A Marathon Fusion afirma que é possível fabricar até 5.000 quilos de ouro por ano com reatores de fusão. Especialistas alertam que o método, ainda sem testes experimentais, enfrenta grandes desafios técnicos.
Uma start-up sediada na Califórnia afirma ter desenvolvido um método para resolver «o grande desafio milenar da alquimia»: converter metais comuns, como o mercúrio, em outro metal precioso, o ouro.
A empresa, Marathon Fusion, afirma num comunicado que a sua proposta seria escalável e economicamente viável, embora por enquanto só exista em simulações.
Produzir ouro é caro e difícil
Fabricar ouro por meio de processos nucleares não é impossível, mas é extremamente complexo e caro. Até agora, as tentativas produziram quantidades insignificantes.
Por exemplo, o projeto ALICE (Experimento do Grande Colisor de Iões) da Organização Europeia para a Pesquisa Nuclear (CERN), com sede em Genebra (Suíça), só conseguiu criar 29 picogramas deste mineral precioso em quatro anos.
A esse ritmo, explica Adrian Bevan, professor de Física da Queen Mary University of London, «seriam necessárias centenas de vezes a vida do universo para produzir uma única onça troy de ouro», afirma numa publicação da The Conversation.
A nova proposta para produzir ouro,
A Marathon Fusion propõe uma nova fórmula: aproveitar os neutrões de alta energia gerados pela fusão para transformar mercúrio-198 em mercúrio-197, que em poucos dias se desintegra em ouro-197, o único isótopo estável do metal precioso.
Com este método, uma usina de fusão poderia produzir até 5.000 quilos de ouro por ano para cada gigawatt de eletricidade gerada, sem afetar sua produção de energia, de acordo com a empresa.
Os cientistas da Marathon Fusion terão agora que demonstrar em um teste experimental se é possível fabricar ouro com base em outros metais.
É realmente possível?
A proposta, publicada na revista de pré-impressões arXiv, ainda precisa ser revisada por seus pares, portanto, sua viabilidade técnica é incerta.
Para sua realização, são necessários neutrões com energias superiores a seis milhões de elétron-volts, algo difícil de manter de forma contínua: “Se isso funcionar, é uma ideia interessante”, diz Bevan.
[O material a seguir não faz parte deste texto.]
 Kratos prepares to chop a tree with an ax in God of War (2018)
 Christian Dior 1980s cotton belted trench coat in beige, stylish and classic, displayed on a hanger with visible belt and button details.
O maior problema é que a sua hipótese se baseia numa simulação digital, uma vez que os reatores de fusão ainda não existem em escala comercial: «Há muitos desafios a superar antes que os cientistas possam tornar realidade um reator de fusão comercial», sublinha Bevan.
Resíduos radioativos
Outra questão que a empresa parece ignorar é que todo este processo de fabrico de ouro ocorre num reator de fusão. Ou seja, o ouro fabricado seria inicialmente radioativo, o que significa «que seria classificado como resíduo radioativo e, portanto, teria de ser gerido durante bastante tempo após a sua produção», salienta o físico.
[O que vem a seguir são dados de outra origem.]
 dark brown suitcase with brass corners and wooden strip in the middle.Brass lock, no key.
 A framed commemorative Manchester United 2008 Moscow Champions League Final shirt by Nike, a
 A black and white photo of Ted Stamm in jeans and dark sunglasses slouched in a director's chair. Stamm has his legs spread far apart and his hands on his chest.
O especialista estima que o processamento desses resíduos para convertê-los em formas utilizáveis de ouro puro «representaria um novo desafio a ser enfrentado», mas que isso «não necessariamente dissuadiria os investidores a longo prazo».
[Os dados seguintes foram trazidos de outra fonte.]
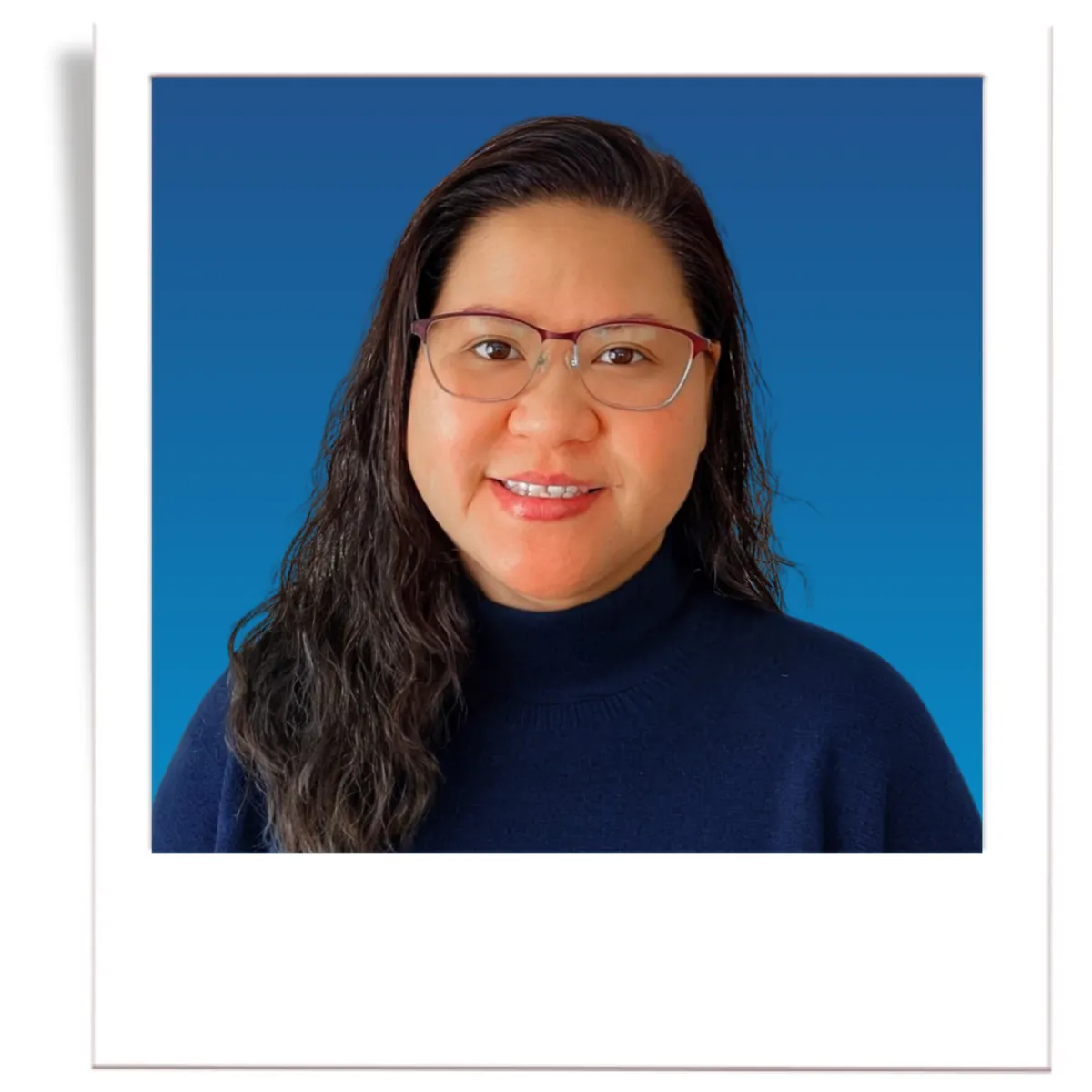 A picture of professional insurance agent, Noe Recendez. The picture is in the style of a polaroid. The insurance agent is wearing a dark grey men's blazer, a blue button down shirt, and a black tie. The agent is in front of a blue gradient background. 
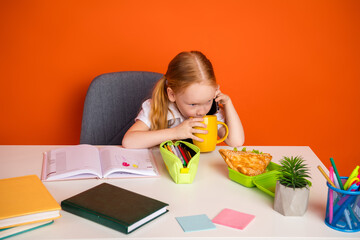 Young schoolgirl enjoying a meal while studying and speaking on the phone in a vivid orange setting...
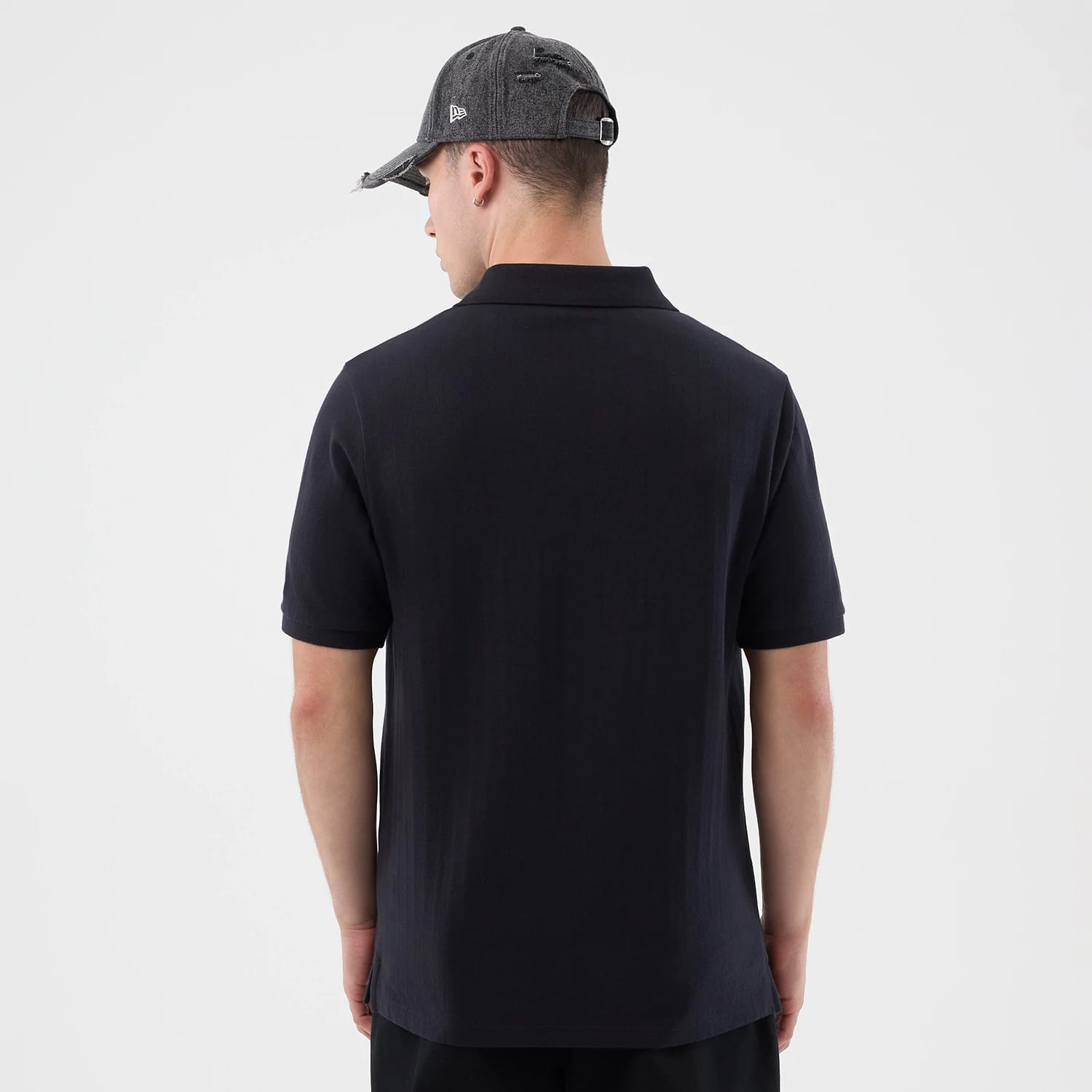 The model is wearing this MLB Rib New York Yankees Polo T-Shirt in navy. 2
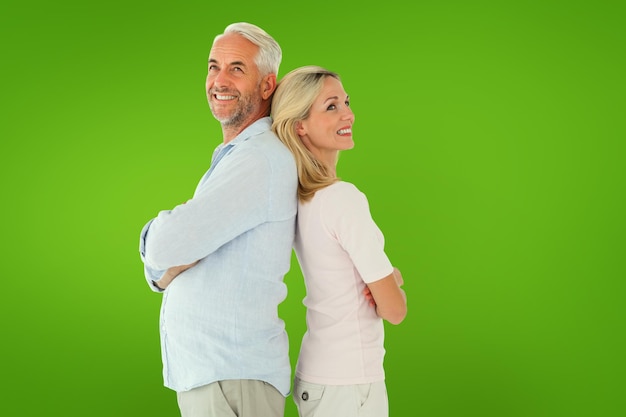 Smiling couple standing leaning backs together against green vignette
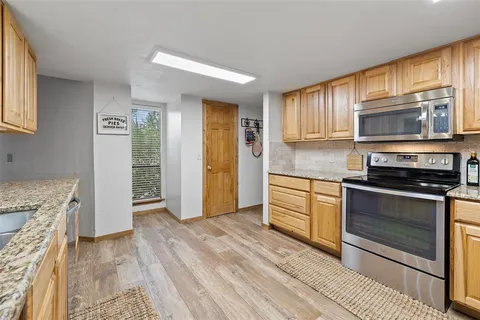 a kitchen with stainless steel appliances granite countertop a stove a microwave and a refrigerator
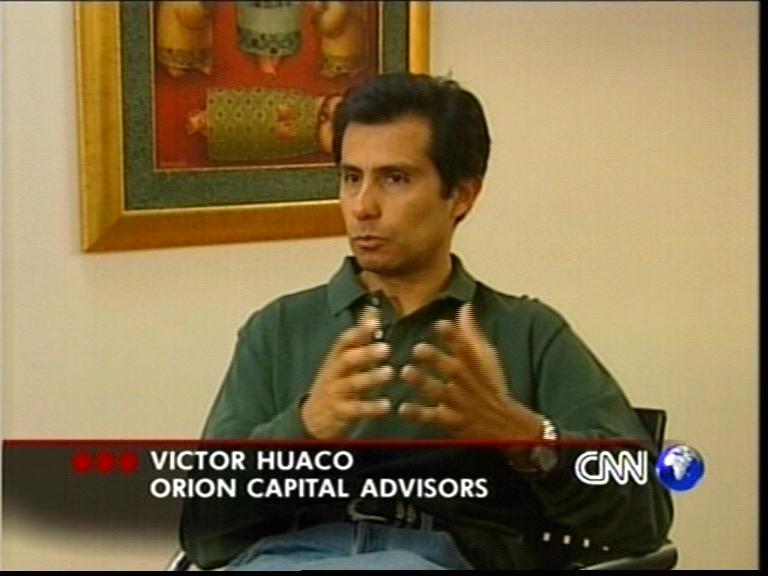 Файл:Victor Huaco Lenta.ru office 2001 CNN report.JPG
Possível revolução económica
Se o método proposto funcionar, poderia acelerar a construção de centrais de fusão em todo o mundo. Além disso, oferece uma oportunidade para mudar completamente a economia da energia de fusão: as usinas ganhariam tanto dinheiro produzindo ouro quanto gerando eletricidade, o que duplicaria o seu valor.
No entanto, por enquanto, «continua a ser uma proposta atraente no papel, mas ainda estamos longe de iniciar uma nova espécie de corrida do ouro», conclui o especialista.